(EXERCISE PROMPT)
Examine the material below. Gather every line in which the string "Black" appears.

(INPUT)
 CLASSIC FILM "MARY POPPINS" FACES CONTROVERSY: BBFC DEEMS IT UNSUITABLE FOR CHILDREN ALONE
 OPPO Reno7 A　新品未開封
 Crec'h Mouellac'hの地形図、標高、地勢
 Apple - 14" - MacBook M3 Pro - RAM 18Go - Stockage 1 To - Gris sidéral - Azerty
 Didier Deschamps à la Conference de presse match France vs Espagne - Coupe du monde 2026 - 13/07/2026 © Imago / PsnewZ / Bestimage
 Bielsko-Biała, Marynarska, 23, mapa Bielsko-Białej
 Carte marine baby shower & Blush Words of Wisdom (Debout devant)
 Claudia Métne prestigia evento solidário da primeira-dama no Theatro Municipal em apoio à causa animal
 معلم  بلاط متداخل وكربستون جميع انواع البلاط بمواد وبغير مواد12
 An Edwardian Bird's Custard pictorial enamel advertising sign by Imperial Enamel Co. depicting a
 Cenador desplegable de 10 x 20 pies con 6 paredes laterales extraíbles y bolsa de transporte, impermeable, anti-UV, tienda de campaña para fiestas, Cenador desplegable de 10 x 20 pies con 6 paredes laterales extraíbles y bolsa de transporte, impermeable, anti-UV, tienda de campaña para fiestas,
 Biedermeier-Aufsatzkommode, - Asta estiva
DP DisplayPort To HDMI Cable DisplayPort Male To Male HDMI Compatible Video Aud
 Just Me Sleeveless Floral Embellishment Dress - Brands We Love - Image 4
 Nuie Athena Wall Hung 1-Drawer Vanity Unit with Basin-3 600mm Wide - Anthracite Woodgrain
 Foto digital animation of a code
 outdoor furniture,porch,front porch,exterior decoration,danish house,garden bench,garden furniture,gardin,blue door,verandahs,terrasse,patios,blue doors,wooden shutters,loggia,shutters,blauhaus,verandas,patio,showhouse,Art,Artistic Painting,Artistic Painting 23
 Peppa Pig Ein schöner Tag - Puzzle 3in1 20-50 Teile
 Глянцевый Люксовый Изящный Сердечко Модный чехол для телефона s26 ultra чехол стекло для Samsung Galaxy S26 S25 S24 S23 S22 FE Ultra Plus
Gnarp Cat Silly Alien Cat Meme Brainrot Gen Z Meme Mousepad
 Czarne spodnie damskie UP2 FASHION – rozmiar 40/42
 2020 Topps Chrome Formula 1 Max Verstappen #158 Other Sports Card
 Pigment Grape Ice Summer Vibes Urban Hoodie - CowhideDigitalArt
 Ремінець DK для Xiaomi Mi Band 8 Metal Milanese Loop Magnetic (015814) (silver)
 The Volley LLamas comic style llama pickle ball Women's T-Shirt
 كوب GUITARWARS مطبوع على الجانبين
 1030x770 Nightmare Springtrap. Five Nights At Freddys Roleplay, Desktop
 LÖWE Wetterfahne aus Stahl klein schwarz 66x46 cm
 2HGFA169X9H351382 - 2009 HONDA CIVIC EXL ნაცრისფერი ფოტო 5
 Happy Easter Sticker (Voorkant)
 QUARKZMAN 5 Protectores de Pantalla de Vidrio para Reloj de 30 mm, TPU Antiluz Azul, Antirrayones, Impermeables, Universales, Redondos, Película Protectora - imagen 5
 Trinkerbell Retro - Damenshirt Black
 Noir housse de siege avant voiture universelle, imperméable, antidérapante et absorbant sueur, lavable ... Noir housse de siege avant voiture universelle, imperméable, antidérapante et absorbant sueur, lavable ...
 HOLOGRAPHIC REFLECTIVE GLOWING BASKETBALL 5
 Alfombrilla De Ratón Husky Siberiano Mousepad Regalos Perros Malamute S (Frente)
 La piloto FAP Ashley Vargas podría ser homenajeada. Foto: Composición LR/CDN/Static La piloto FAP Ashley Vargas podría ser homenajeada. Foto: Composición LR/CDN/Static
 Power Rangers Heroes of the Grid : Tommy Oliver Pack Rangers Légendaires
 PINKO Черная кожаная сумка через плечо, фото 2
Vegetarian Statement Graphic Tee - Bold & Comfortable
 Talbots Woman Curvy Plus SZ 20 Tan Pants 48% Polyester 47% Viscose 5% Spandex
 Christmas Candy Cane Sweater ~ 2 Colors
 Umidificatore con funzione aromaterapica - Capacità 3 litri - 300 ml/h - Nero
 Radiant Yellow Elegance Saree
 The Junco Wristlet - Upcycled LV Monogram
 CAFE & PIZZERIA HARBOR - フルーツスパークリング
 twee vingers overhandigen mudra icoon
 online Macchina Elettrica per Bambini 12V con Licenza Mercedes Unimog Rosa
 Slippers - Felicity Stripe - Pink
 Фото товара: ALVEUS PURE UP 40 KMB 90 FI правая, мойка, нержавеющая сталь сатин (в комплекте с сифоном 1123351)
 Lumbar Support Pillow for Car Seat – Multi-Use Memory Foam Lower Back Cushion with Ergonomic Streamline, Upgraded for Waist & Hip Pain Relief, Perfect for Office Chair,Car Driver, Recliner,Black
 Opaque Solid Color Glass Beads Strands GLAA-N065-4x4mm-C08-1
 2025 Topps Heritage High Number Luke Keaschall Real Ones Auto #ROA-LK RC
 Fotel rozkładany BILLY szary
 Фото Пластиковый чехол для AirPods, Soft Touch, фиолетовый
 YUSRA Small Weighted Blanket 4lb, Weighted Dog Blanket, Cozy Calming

(EXERCISE ANSWER)
 Trinkerbell Retro - Damenshirt Black
 Lumbar Support Pillow for Car Seat – Multi-Use Memory Foam Lower Back Cushion with Ergonomic Streamline, Upgraded for Waist & Hip Pain Relief, Perfect for Office Chair,Car Driver, Recliner,Black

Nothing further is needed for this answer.